In this appeal, we consider whether the 1994 amendments to the Bankruptcy Code preclude a Chapter 7 debtor's attorney from receiving professional fees from the bankruptcy estate for post-petition services. We conclude that a debtor's attorney may receive such fees pursuant to 11 U.S.C.S 330, and therefore reverse the contrary determination of the Bankruptcy Appellate Panel.

I. FACTUAL AND PROCEDURAL BACKGROUND

On September 8, 1995, Century Cleaning Services (Century) filed a Chapter 11 bankruptcy petition. On the same day, the law firm-appellee in this case, Garvey, Schubert & Barer (Garvey), filed an application with the bankruptcy court seeking appointment as counsel for Century, a debtor-inpossession. The bankruptcy court granted the application. The firm also filed an affidavit stating that it had received a retainer of $27,860.34 from Century for post-petition legal services and expenses. Garvey already had been compensated for all of its pre-petition services.

On September 22, 1995, Century's case was converted to a Chapter 7 bankruptcy, and the court appointed a trustee. Garvey continued to provide legal services for Century, including filing the conversion petition, preparing schedules, amended reports, a statement of affairs, and a Rule 2015 report, communicating with creditors, and participating in 2004 examinations. Garvey, however, did not request reappointment as Century's attorney for the Chapter 7 proceedings.

On June 10, 1996, Garvey filed a fee application for "Chapter 7 attorney's fees and expenses for services from September 22, 1995-April 30, 1996" totaling $12,770.87. On June 13, 1996, the Chapter 7 trustee filed a notice of intent to allow Garvey to be compensated from the retainer funds. Upon review, the U.S. Trustee filed an objection, stating that the Bankruptcy Code, 11 U.S.C. S 330 in particular, did not permit attorney's fees to be paid out of estate funds. In response, Garvey contended that its services were necessary to the administration of the estate as the services were performed at the request of the bankruptcy court, the Chapter 7 trustee, and one of Century's creditors.
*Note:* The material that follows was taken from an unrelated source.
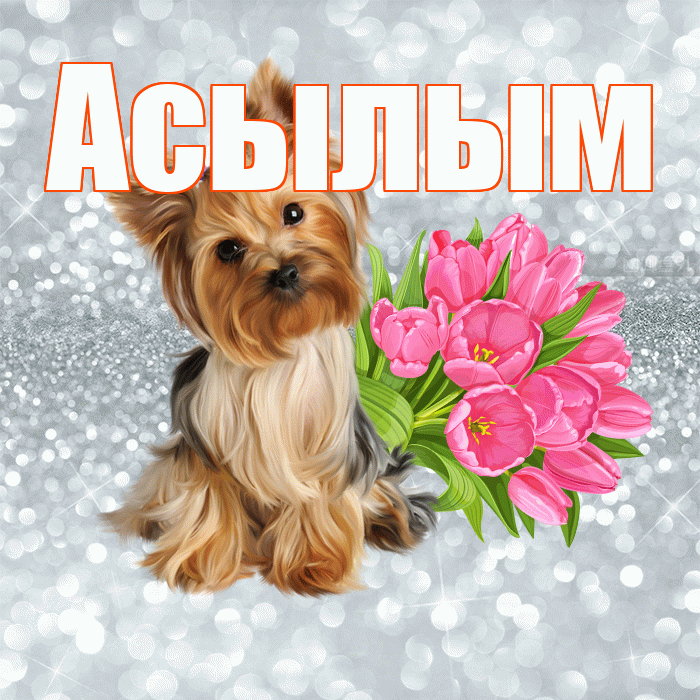 Асылым! С добрым утром! Красивая открытка Асылым!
The bankruptcy court held that the Bankruptcy Code did not authorize payment to Garvey because Congress had recently amended S 330 to omit the term "debtor's attorney" from the list of professionals eligible for compensation under the statute. See In re Century Cleaning Servs., Inc., 202 B.R. 149, 151 (Bankr. D. Or. 1996). Nonetheless, the bankruptcy court held that Garvey had a valid state law lien on Century's retainer, and thus that Garvey could recover "reasonable fees." See id. at 153. The court awarded Garvey $10,568.37. The U.S. Trustee then appealed to the Bankruptcy Appellate Panel, which affirmed the award under the state law lien theory, after concluding, like the Bankruptcy Court, that Garvey could not be compensated under S 330. See United States Trustee v. Garvey, Schubert & Barer (In re Century Cleaning Servs., Inc.), 215 B.R. 18, 22 (B.A.P. 9th Cir. 1997). The U.S. Trustee appeals from that decision. On appeal, it contends that the Bankruptcy Appellate Panel correctly determined that S 330 precludes compensation to a Chapter 7 debtor's attorney, but that it erred in allowing Garvey compensation pursuant to an attorney's lien under Oregon law. The U.S. Trustee argues that Oregon law does not allow a lien for post-petition services, and that in any event, S 330 preempts Oregon law to the extent that it allows for such a lien in Chapter 7 proceedings.

We review the bankruptcy court's interpretation of the Bankruptcy Code and the Bankruptcy Appellate Panel's conclusions of law de novo. See McClellan Fed. Credit Union v. Parker (In re Parker), 139 F.3d 668, 670 (9th Cir.), cert. denied, 119 S. Ct. 592 (1998); Grey v. Federated Group, Inc. (In re Federated Group, Inc.), 107 F.3d 730, 732 (9th Cir. 1997).

II. LEGAL BACKGROUND

To answer the question whether a debtor's attorney can be awarded fees under S 330, we must first attempt to understand the changes to the Bankruptcy Code that give rise to the uncertainty in the statutory scheme. Prior to the passage of the Bankruptcy Reform Act of 1994 (Reform Act), Chapter 7 debtor's attorneys were clearly statutorily eligible to receive compensation from the bankruptcy estate for post-petition services. Specifically, prior to the Reform Act, the first sentence of 11 U.S.C. S 330(a) expressly included attorneys in both of the two places at which the sentence set forth the list of persons eligible to receive distributions under S 330(a):

After notice to any parties in interest and to the United States trustee and a hearing, and subject to sections 326, 328, and 329 of this title, the court may award to a trustee, to an examiner, to a professional person employed under section 327 or 1103 of this title, or to the debtor's attorney--

(1) reasonable compensation for actual, necessary services rendered by such trustee, examiner, professional person, or attorney, as the case may be, and by any paraprofessional persons employed by such trustee, professional person, or attorney, as the case may be, based on the nature, the extent, and the value of such services, the time spent on such services, and the cost of comparable services other than in a case under this title; and (2) reimbursement for actual, necessary expenses.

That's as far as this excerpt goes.